Monday, January 22, 2007

Sermon for Jan 21, Epiphany 3: Preaching What Jesus Preached

Psalm 19
Luke 4: 14-21

We like to hear nice things, don’t we? We love to hear that Jesus loves us no matter who we are or what we’ve done. We prefer our Jesus smiling and courteous and compassionate. Tell me the stories of Jesus, I love to hear, we sing. What about the stories of Jesus getting thrown out of his hometown? What about the stories of Jesus saying things that when we really think about it, well, they’re pretty revolutionary?
Now, I’m not doubting that everyone in this church building loves Jesus—that is clear by the ministry that this church does in this community. That is clear by how we work and play and pray and study the Bible together. Please don’t get me wrong! But while I’m not doubting that we all love Jesus, I’m betting that we also love something called the status quo. The status quo is “the way things are,” and its generally loved and fiercely protected by those who have things relatively good—who are relatively comfortable.
Now, there’s nothing wrong with that—we want to preserve things when they are going well—if I’ve got a way of preparing a sermon through the week that works and it allows me plenty of time to address the other needs of being a minister to this church, I’m probably going to stick with it—it works after all! Likewise, if we’ve got a system of orienting our place in the world that has generally been good for us thus far in life, who’s going to blame us for sticking with it?
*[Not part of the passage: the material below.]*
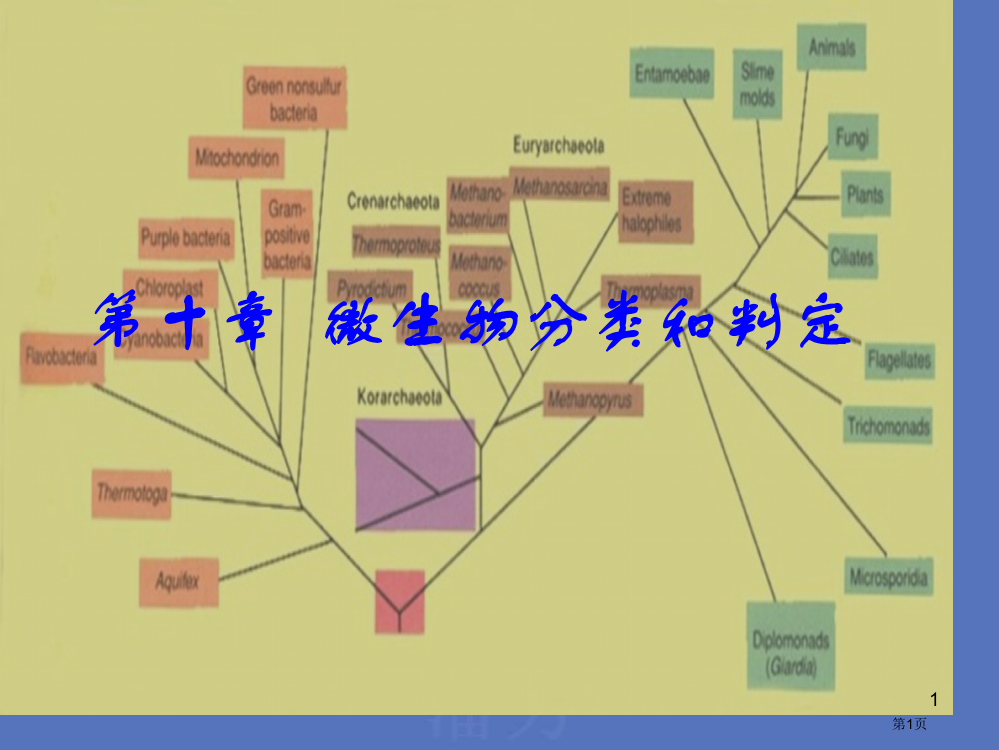 微生物的分类和鉴定省公开课一等奖全国示范课微课金奖PPT课件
But when it comes to Jesus and when it comes to faith and when it comes to being the church—the status quo is sometimes not good enough. You see—we are adaptive creatures of habit. When we get comfortable, we tend to settle in and focus on what’s in front of us. We’re like horses with those blinders on that only allow us to see strait forward—you know the kind that pull carriages through the park or the kind that police ride through the city. You know why they wear those blinders, right? Because if they see all the activity and goings on all around them, they’ll get kind of freaked out! No, better keep their focus straight ahead so that the policeman on the horse’s back or the guy driving the carriage can retain control of the horse.
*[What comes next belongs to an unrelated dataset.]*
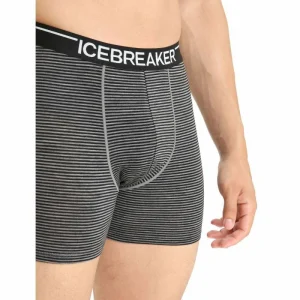 Bon marché ✔️ Icebreaker Anatomica Boxers – Boxer homme ⭐ 31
Yes—we get in a nice spot, a status quo, and we may not realize it, we probably don’t make the choice to do it ourselves, but some way or another we get the blinders put on and we don’t see the ugly things in the world around us that might cause us to get freaked out!
In our faith life, we might just say something like—“Well, just focus on Jesus, just put your mind on him and everything will be okay!” We might say, “Turn your eyes upon Jesus, look full in his wonderful face, and the things of earth will grow strangely dim in the light of his glory and grace.” Hmmm……
Now, once again, don’t get me wrong—I don’t want to get thrown out of town, like Jesus did! But I do want to speak what I hear the Spirit stirring me to speak! Focusing on Jesus while the world around us fades is a great remedy for us to deal with hardship and struggle that may face us in life—it takes a lot of faith to put the world aside and “turn our eyes upon Jesus.” I don’t want you to think I am criticizing that aspect of faith. But I want you to know how this same resource for strength can also be a sedative if used inappropriately.
A pastor I’ve been reading from over the past few weeks said the following, and it was convicting to me. “Like a lot of mainline preachers, I’m so mindful of the bottom line that I have hedged the prophetic voice. It has been easier, more acceptable, to preach Jesus rather than what Jesus preached.” To preach Jesus rather than what Jesus preached—did you hear that?
It is easier for us to hear about Jesus and his unequivocal promise of love for us than for us to hear what Jesus preached, which was not only his love for us, but his love for the least of us. He also preached peace, and economic justice, and forgiveness. It is easier for us to hear “come to me all who are weary and carrying heavy burdens and I will give you rest—for my burden is easy and my yoke is light” than “The Spirit of the Lord is upon me, because he has anointed me to bring good news to the poor. He has sent me to proclaim release to the captives and recovery of sight to the blind, to let the oppressed go free, 19to proclaim the year of the Lord’s favor.”
We can imagine what release to the captives might look like, right? What would that mean in our society? Good news to the poor—what would that good news be? Letting the oppressed go free—I that would upset the status quo, don’t you?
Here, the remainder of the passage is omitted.